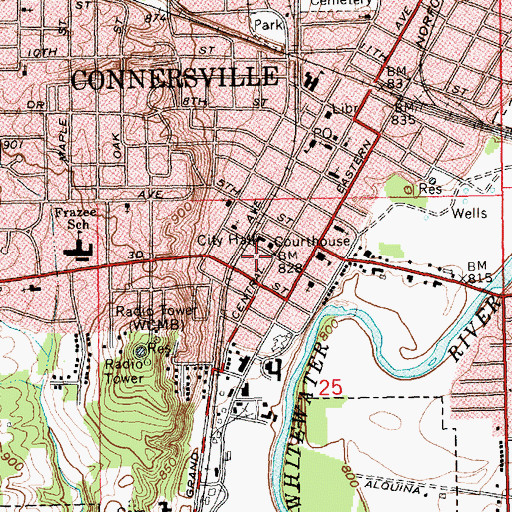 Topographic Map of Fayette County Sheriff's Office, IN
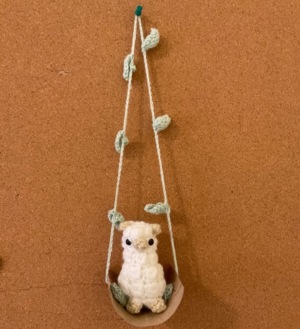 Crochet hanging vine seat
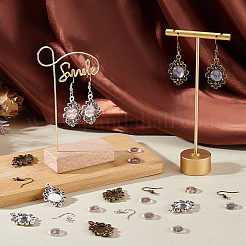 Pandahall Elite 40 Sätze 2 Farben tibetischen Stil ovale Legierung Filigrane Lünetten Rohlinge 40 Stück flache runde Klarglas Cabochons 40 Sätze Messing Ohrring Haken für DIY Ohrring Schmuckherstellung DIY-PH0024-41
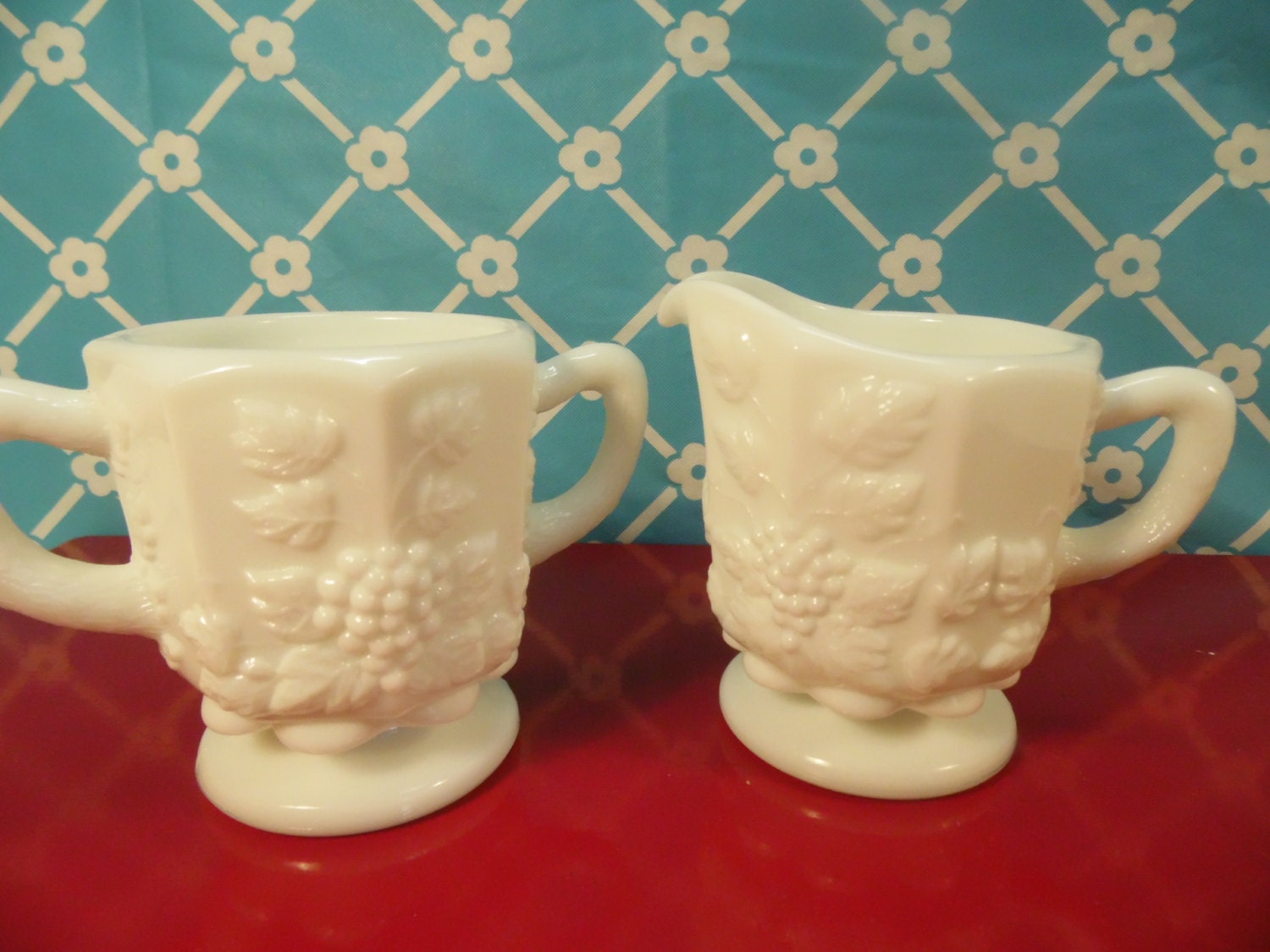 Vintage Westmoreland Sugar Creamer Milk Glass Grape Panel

_What is expected_
Please output all of the data exactly as given, omitting any images it holds.

_Answer to the exercise_
 Topographic Map of Fayette County Sheriff's Office, IN
 Crochet hanging vine seat
 Pandahall Elite 40 Sätze 2 Farben tibetischen Stil ovale Legierung Filigrane Lünetten Rohlinge 40 Stück flache runde Klarglas Cabochons 40 Sätze Messing Ohrring Haken für DIY Ohrring Schmuckherstellung DIY-PH0024-41
 Vintage Westmoreland Sugar Creamer Milk Glass Grape Panel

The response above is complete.